# [BRIEF]
Repeat the records word for word, excluding any picture.

(EXERCISE MATERIAL)

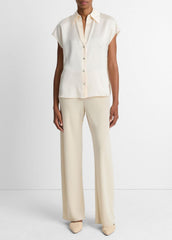 Silk Cap-Sleeve Ruched-Back Blouse in Short Sleeve - CHIFFON | VINCE Women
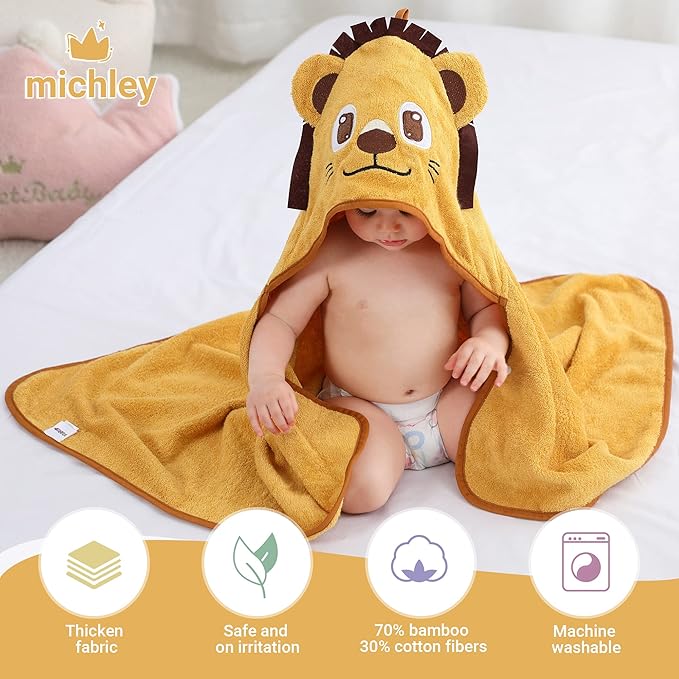 MICHLEY Bamboo Viscose Baby Hooded Bath Towel for 0-5 Years Boys and Girls, 29.5 x 39.5 Inch Ultra-Soft and Quick-drying Infant Bath(Lion)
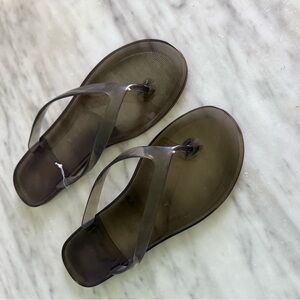 Black Gray Clear Jelly Flip Flops new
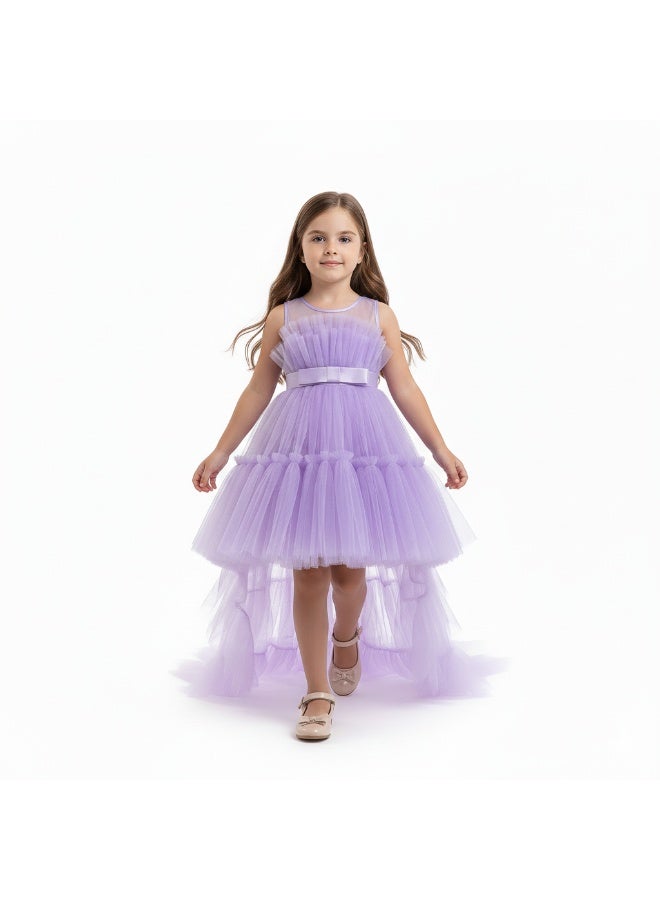 D'Daniela Toddler Girls Bow Front Ruffle Hem Mesh Gown Dress with long tail - Purple - Image 3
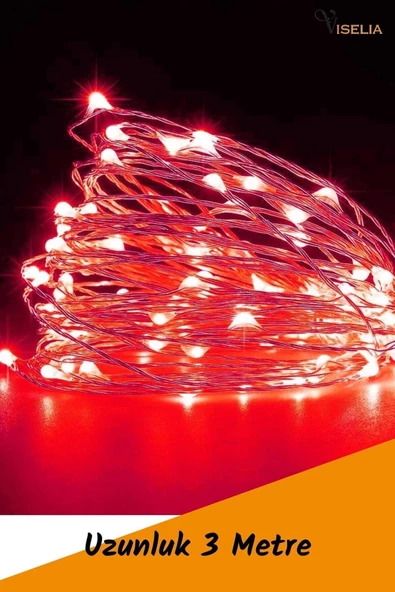 Viselia Peri Led Çok Amaçlı Dekoratif Aydınlatma 3 Metre Piller Dahil Şerit Parti Işığı Kırmızı Renk - 2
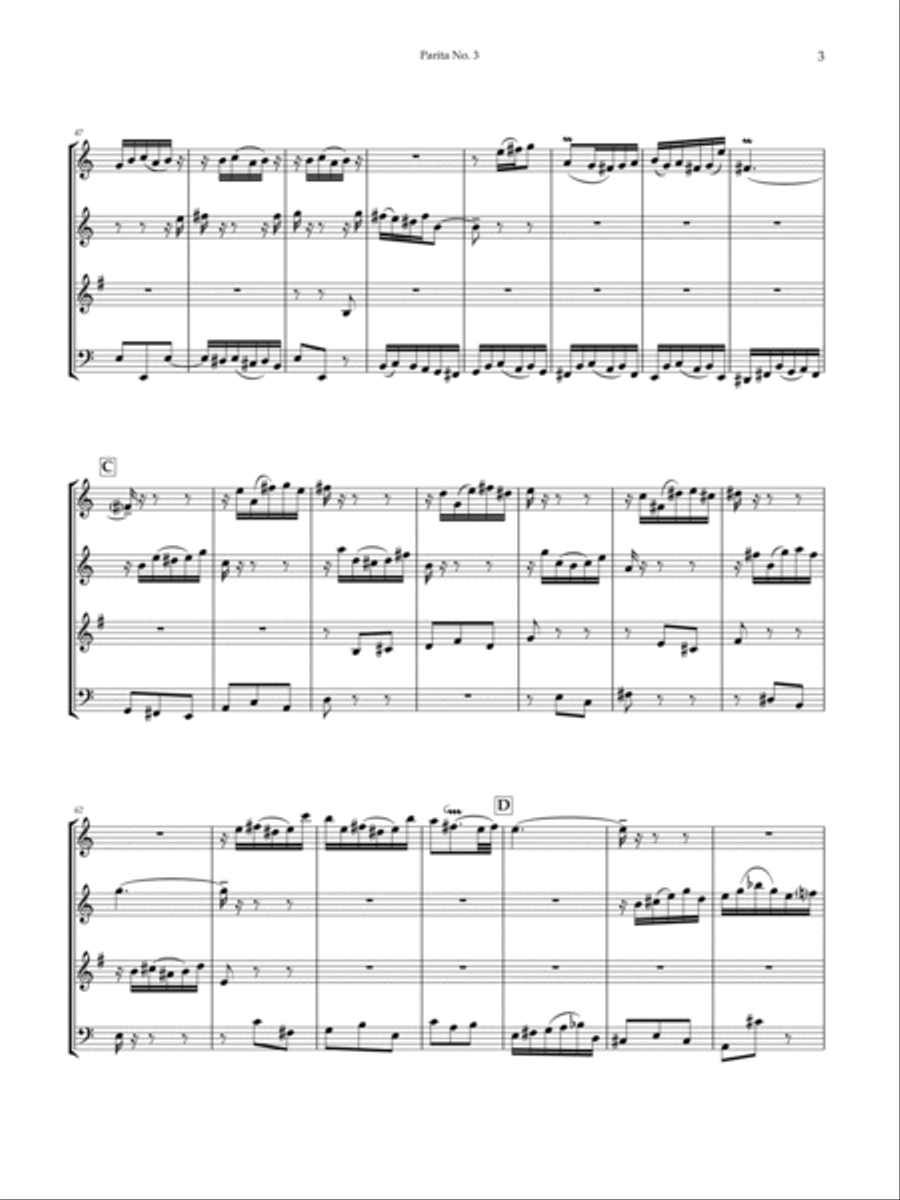 Partita No. 3 in A Minor, BWV 827 Woodwind Ensemble scores gallery preview page 5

(End EXERCISE MATERIAL)

# [RESULT BELOW]
 Silk Cap-Sleeve Ruched-Back Blouse in Short Sleeve - CHIFFON | VINCE Women
 MICHLEY Bamboo Viscose Baby Hooded Bath Towel for 0-5 Years Boys and Girls, 29.5 x 39.5 Inch Ultra-Soft and Quick-drying Infant Bath(Lion)
 Black Gray Clear Jelly Flip Flops new
 D'Daniela Toddler Girls Bow Front Ruffle Hem Mesh Gown Dress with long tail - Purple - Image 3
 Viselia Peri Led Çok Amaçlı Dekoratif Aydınlatma 3 Metre Piller Dahil Şerit Parti Işığı Kırmızı Renk - 2
 Partita No. 3 in A Minor, BWV 827 Woodwind Ensemble scores gallery preview page 5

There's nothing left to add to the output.